Language lies at the heart of psychiatry. Our work depends on words, their meaning and context. Yet, in increasingly multicultural UK mental health settings, especially where I work, psychiatrists and patients often do not share a mother tongue. Professional interpreters are essential for accuracy and safety, but the emotional and symbolic power of language can be overlooked. In this reflection, I explore how even a few words in a patient’s own language, simple greetings or everyday phrases, can deepen rapport and transform therapeutic engagement. Two encounters taught me that communication in psychiatry extends far beyond literal meaning.
The first was with a middle-aged Persian man with post-traumatic stress disorder, referred for cognitive–behavioural therapy with behavioural activation. In our early sessions, he was visibly anxious: tense posture, little eye contact, minimal speech and frequent sips of water. I do not speak Persian, but my mother tongue, Urdu, shares some cultural resonances. At the start of our second session, I welcomed him in Persian with ‘khush-aamaddeed’. His expression softened instantly; he smiled, and something shifted. Sensing the value of that moment, I added a brief weekly ritual: he would teach me one Persian word. What began as an icebreaker became a therapeutic tool. He arrived prepared, chose the word carefully and took pride in teaching. This small act appeared to enhance his sense of agency, shifting him from passive patient to active participant. Over the weeks he became more relaxed, more engaged in behavioural tasks, and increasingly at ease, sometimes laughing when I mispronounced a word. Here, language became a bridge to trust, embodying respect, curiosity and validation of identity. It reminded me that recovery depends not only on evidence-based interventions but also on the quality of human connection.
The second patient, a young Kurdish man speaking Turkish, presented with adjustment disorder. When I saw him in the waiting room with head down, closed posture, I greeted him in Turkish: ‘Hosh Geldiniz’. His face lit up. While waiting for an interpreter, I asked, ‘Nasılsınız?’ – meaning how are you. He responded with a smile. I had learned those words decades earlier at a Turkish school in Pakistan. Over two meetings, those simple phrases softened his demeanour each time.

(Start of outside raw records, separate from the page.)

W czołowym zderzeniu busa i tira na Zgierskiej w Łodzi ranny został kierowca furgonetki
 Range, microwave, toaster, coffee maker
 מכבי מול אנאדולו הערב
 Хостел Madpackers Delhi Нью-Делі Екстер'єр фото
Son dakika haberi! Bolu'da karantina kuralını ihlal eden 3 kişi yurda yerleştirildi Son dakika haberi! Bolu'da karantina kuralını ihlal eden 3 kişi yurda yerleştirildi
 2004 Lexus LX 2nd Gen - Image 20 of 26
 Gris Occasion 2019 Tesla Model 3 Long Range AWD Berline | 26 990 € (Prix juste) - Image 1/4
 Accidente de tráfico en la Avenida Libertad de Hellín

When the telephone interpreter repeatedly failed owing to poor reception, I used Google Translate, showing him typed questions and reading his responses. To my surprise, he became more expressive and energetic. Though not a substitute for professional interpretation, this direct exchange revealed something important: communication is not only about information but about feeling seen and heard.
These encounters highlighted the essence of transcultural psychiatric practice. Greeting a patient in their language is not merely linguistic, it is relational. It conveys effort, humility and openness, qualities universally understood. As Kleinman notes, the clinician in cross-cultural work often becomes the learner. That role reversal can foster empowerment and mutual respect.
These moments reminded me why I entered psychiatry. Amid protocols and pressures, I felt simply human. A few words in another’s tongue can carry profound empathy. Psychiatry, at its core, is about being human together.